Internet filtering and censorship
Second workshop - 4 March 2009 (new date)

UNSW's Cyberspace Law and Policy Centre supports the development of collaborative, evidence-based research on Internet filtering and censorship models, and on related means for achieving public interest outcomes on Internet content and interactions, particularly for young people. On 27 November 2008 the Centre hosted our first forum for experts and others interested to explore aspects of the current Australian ISP-based filter proposals. Participants at the first forum asked how to pursue the issues raised, so we are holding a second event in the form of this workshop. We are developing a research project in this area, and invite participation in the project, as well as this workshop.

There is a References page with extensive links to relevant documents.

Date: Wednesday 4 March 2009

Venue: Sydney CBD, Baker and McKenzie , 50 Bridge St

Time: 10:30 am to 4:30, followed by informal refreshments



10:30 Session 1 - Young people and parents (chair David Vaile)
The interests of children and young people, options for supporting and protecting these interests in online interactions; roles for parents, their expectations and needs (including possible purposes and goals of approaches to protect the interests of other vulnerable persons, current state of evidence about effectiveness of these approaches, relative resource priorities between various options).

  • Kerry Graham, Inspire Foundation [slides]
  • James McDougall, National Childrens and Youth Law Centre [slides]

11:45 Tea and coffee break

12:00 Session 2 - Changing role of ISPs and others (chair David Vaile)
Potential legal and technical implications for ISPs, 'content hosts', virtual community organisers, and others of the current proposals and the range of other demands to attempt 'technical' solutions for regulatory issues online; international comparisons and developments.

  • John Selby, School of Business, Macquarie University [slides]
  • Derek Bambauer, Brooklyn Law School
  • Alana Maurushat, UNSW Law Faculty [slides]
  • Peter Coroneos, IIA (responding)

1:00 Lunch

2:00 Session 3 - Technical Architecture (chair Alana Maurshat)
Options for ISP-based filtering from a technical architecture perspective, what they can and can't filter, implications for the interests of users, ISPs, regulators/censors, the state of play of technical assessments and trials, comparisons with other models.

  • Paul Brooks, Layer 10 Advisory/ ISOC-AU [slides]
  • Kevin Bermeister, Brilliant Digital Entertainment
  • Karl Hanmore, AusCERT (responding)

3:15 Tea and coffee break

3:30 Session 4 - Classification and general discussion (chair Alana Maurshat)
The nature and mechanisms of the classification scheme and the 'prohibition' of certain content, the scope of the prohibition, blacklists and other algorithmically targeted content, governance models, implications for implementation, and 'reasonable expectations' about what is actually covered or let through any system.

  • David Vaile, Cyberspace Law and Policy Centre [slides]
  • Peter Black, QUT (responding)

4:30 Refreshments and networking

A persistent issue will be what 'evidence-based policy' means in this context: research done to date in relevant fields, the limitations of 'evidence' derived using various methodologies, the role of 'evidence' in public policy formulation on Internet content, and gaps in current approaches.

There will be one or two short presentations beginning each session to frame the discussion; invited commentary from other experts and stakeholders; and extended discussion.
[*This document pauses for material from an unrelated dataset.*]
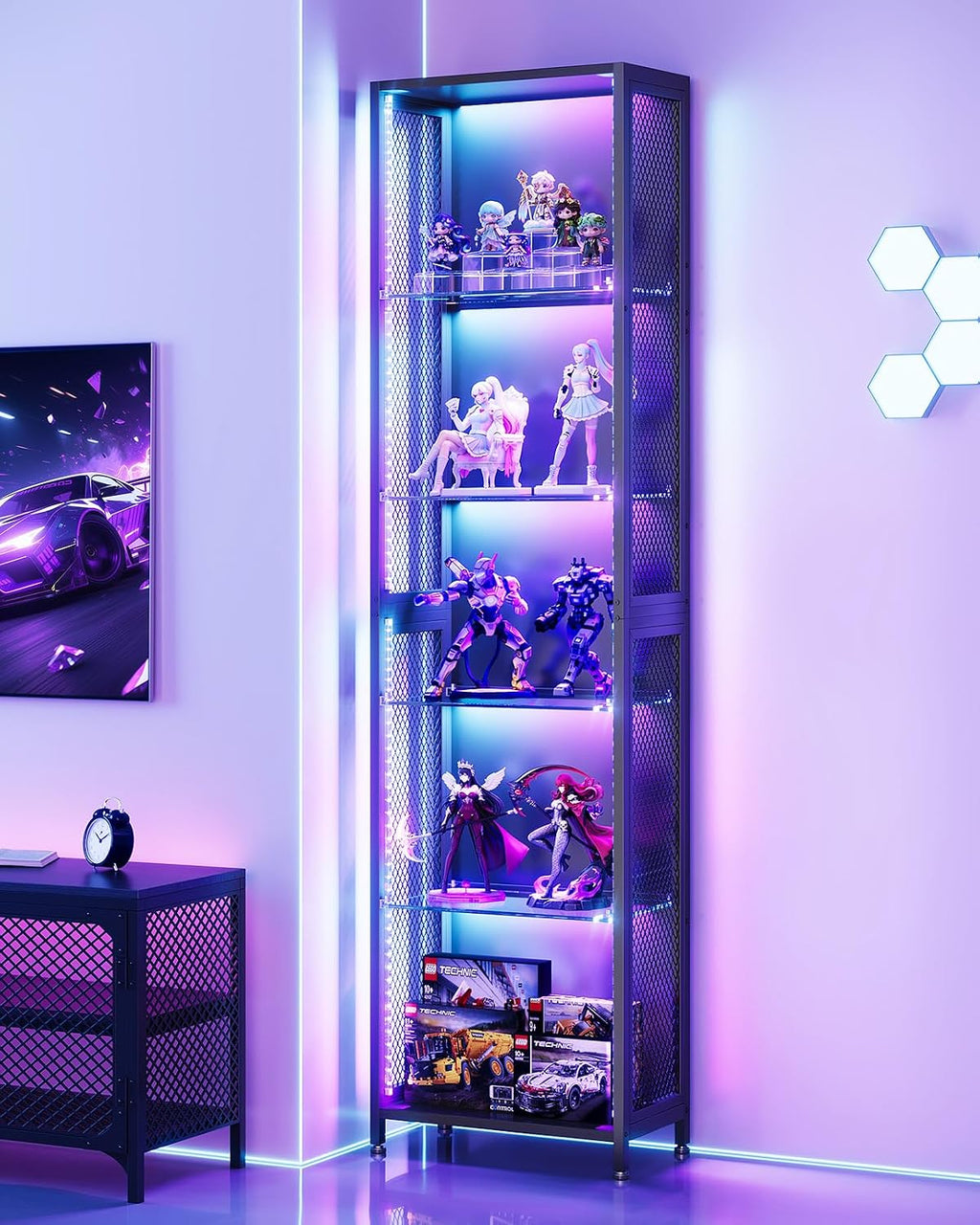 aodk 72" tall display case with led lights, view 9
We focus on exploring the current evidence base, assessing the state of play, and directions for further research. Those making substantial contributions include:

Participants are welcome to speak in a personal capacity, although may choose also to comment from the perspective of organisations with whom they have some affiliation.

NB: this will be conducted under a version of Chatham House rules, basically that comments should not be attributed or identifiable as coming from a particular source unless the speaker has agreed.

The aspects we cover should be relevant to a range of interests:

  • the aims of the proposed filtering models
  • comparison with other means towards those aims
  • consequences and implications of the proposed models, or alternatives
  • gaps in knowledge or evidence about the effectiveness of particular approaches for specific purposes
  • priorities for further research, trials and collaborative initiatives.